Even after solving for the capacity that theoretically holds a 5% overflow risk, real-world validation is necessary. Pitfalls include unknown distribution shifts, measurement errors, or rare extreme events not captured by historical data. A validation strategy might include:
Pilot Phase: Deploy a tank of the chosen capacity, and closely monitor actual overflow events over a trial period. If overflow events exceed the expected frequency (about 5%), investigate whether the data distribution or assumptions were incorrect.
Confidence Intervals for the Overflow Probability: Estimate the empirical overflow probability in the test period. Construct confidence intervals to see if it aligns with the 5% target.
Adaptive Refinements: If observed overflow frequency remains higher than expected, re-assess the distribution or pick a higher capacity to reduce risk further.
How might “extreme value theory” (EVT) come into play if extremely high waste values are rare but possible?
Extreme value theory deals with the statistical behavior in the tail of a distribution where rare events occur. If there is a possibility of extraordinarily large waste volume once in a long while, typical polynomial or Beta distributions might not capture the tail thickness accurately. In that scenario:
Generalized Pareto Distributions: EVT often uses these to model the tail beyond a high threshold. One might fit a high-threshold model to the largest observed weekly waste volumes and see if a heavier-tailed distribution is needed.
Block Maxima Approach: Another EVT approach is to look at maximum values over fixed time blocks (e.g., each month) to determine if the tank design is robust to these maxima.
Risk Management: Even if the probability of extremely large waste is small, the consequences (environmental damage, regulatory penalties) can be high, so tail modeling with EVT helps in capacity planning.
Could real-time monitoring and predictive analytics reduce the risk of overflow?
Instead of only installing a fixed tank size and hoping the weekly volume stays below it 95% of the time, factories might implement real-time monitoring to forecast waste generation:
Data-Driven Predictions: Use sensor data, production schedules, and machine-learning models to forecast daily or weekly waste volume. If the predicted volume is close to the tank capacity, prompt an early waste removal.
Adaptive Threshold: Update the capacity needed or the removal schedule based on dynamic production levels, thus reducing overflow risk without necessarily building an oversized tank.
Cost-Benefit Trade-Off: Real-time analytics infrastructure adds complexity and cost but can pay off by minimizing the risk of environmental incidents and potential downtime associated with overflow cleanups.
Is it possible that “5% overflow probability” itself is misleading?
When stating “the probability of overflow is 5%,” it presumes a static environment and that the distribution is well-known and stable over time. In practice, these probabilities are estimates with uncertainty:
Parameter Uncertainty: The fitted pdf might have confidence intervals around its parameters, meaning the actual cumulative distribution function could shift slightly.

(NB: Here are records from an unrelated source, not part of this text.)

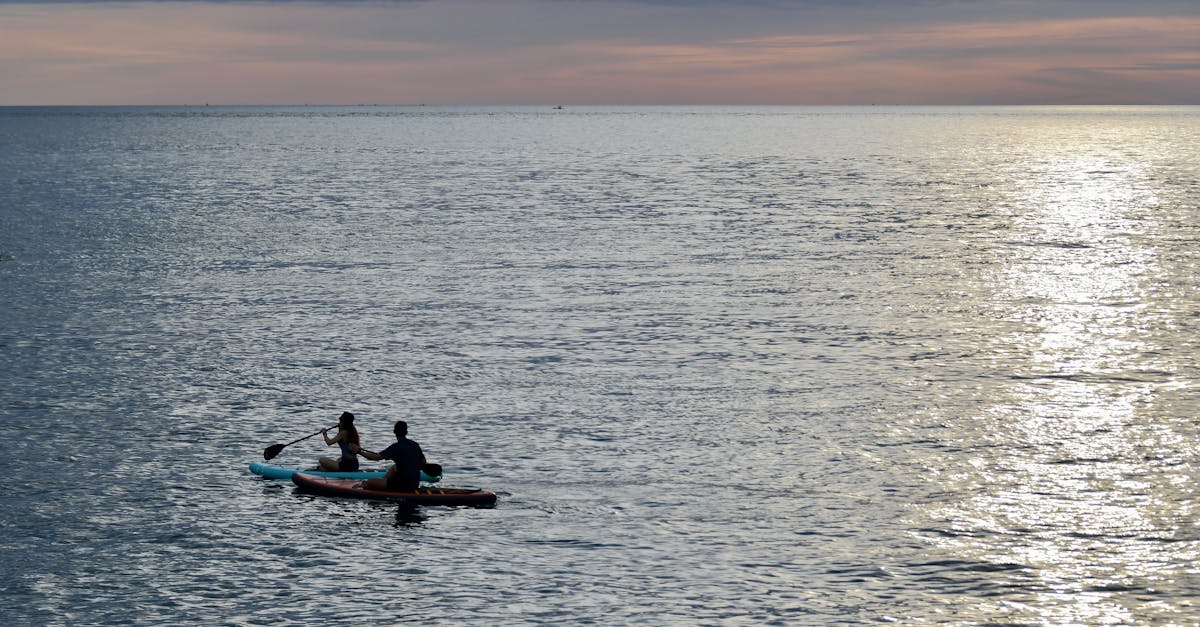 Two people kayaking at sunset in Manado, North Sulawesi, Indonesia.
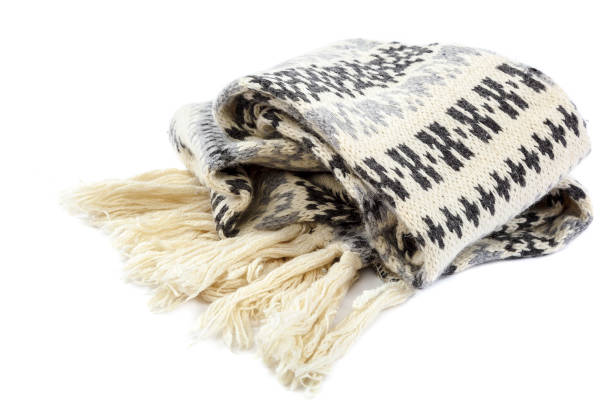 istock Scarf knitted motley on a white background. 987563216
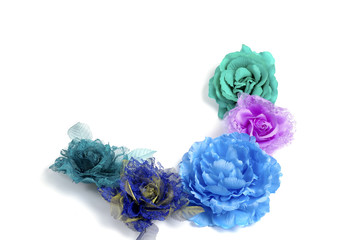 Floristics - blue artificial flowers on white background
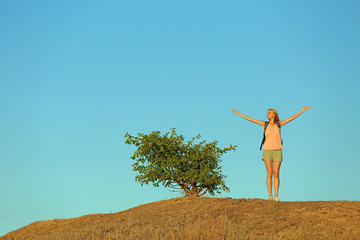 Young woman on hill on blue sky background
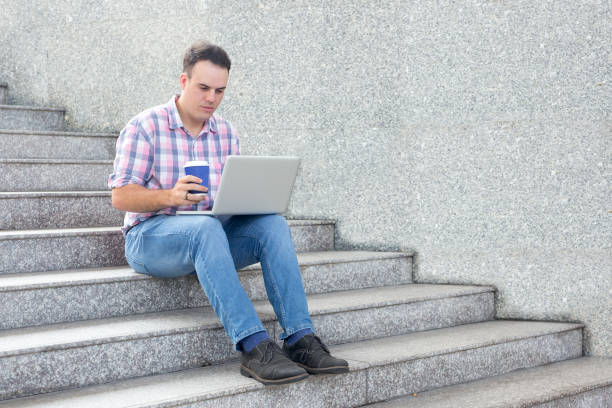 istock Busy man using laptop and drinking coffee outdoors 894337824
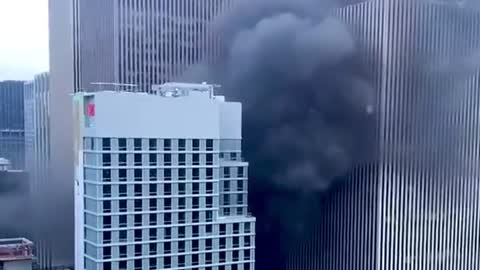 Emergency personnel responding to rooftop fire near Rockefeller Center in New York City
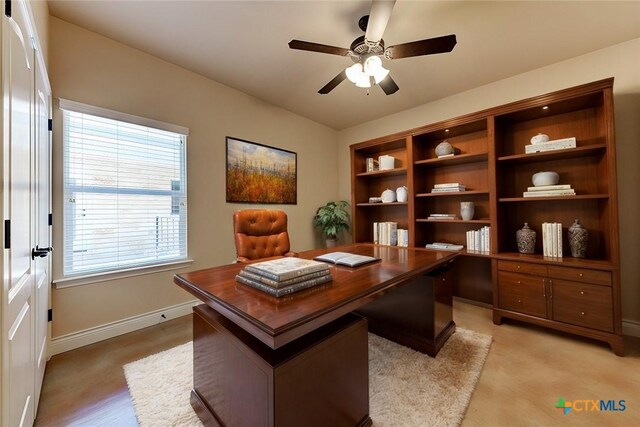 home office with baseboards and a ceiling fan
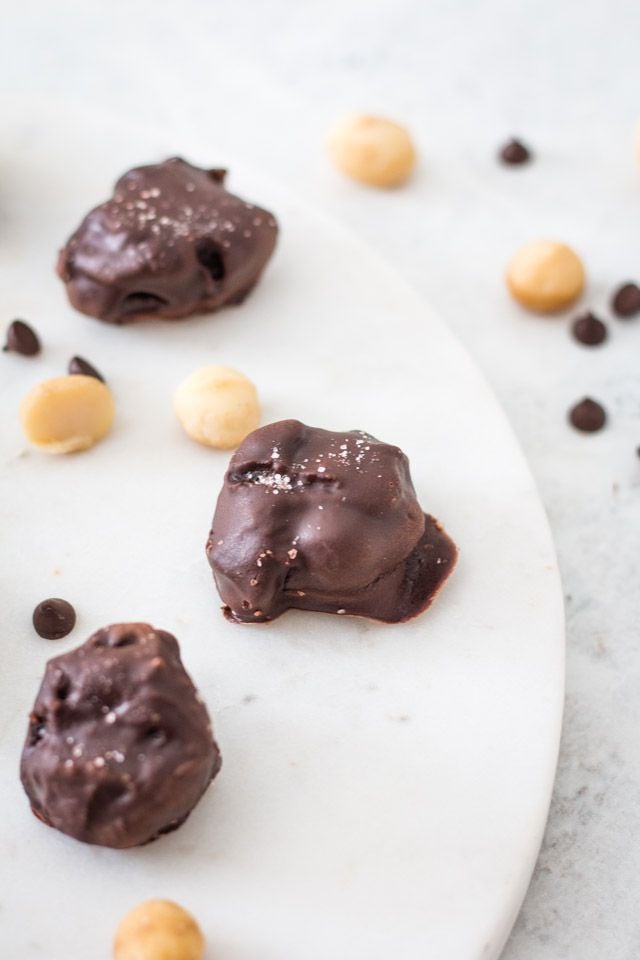 Chocolate covered macadamia nuts on a white platter surrounded by chocolate chips and whole macadamia nuts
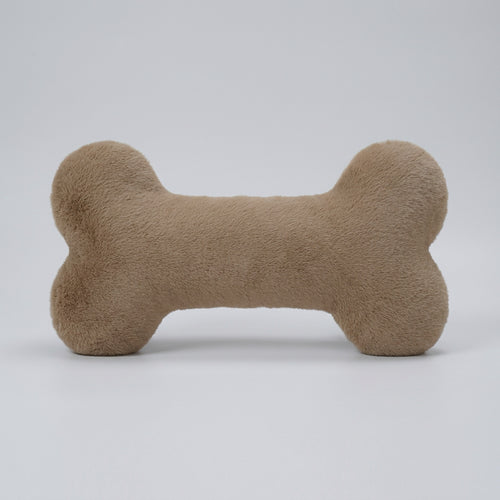 Beige bone-shaped pillow on a textured surface with a magazine underneath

Frequency vs. Probability: Observing an overflow event 2 or 3 times within 40 weeks might be within normal statistical fluctuation. Evaluating whether the actual observed rate matches the theoretical 5% can be tricky without a sufficiently large sample.
Long-Term vs. Short-Term: A 5% chance each week translates to a higher chance over multiple weeks—using that in risk calculations or multi-year predictions requires compounding the probabilities.
By clarifying these subtle points, one can ensure a more robust interpretation of the 5% target and decide if additional safety margins are worthwhile.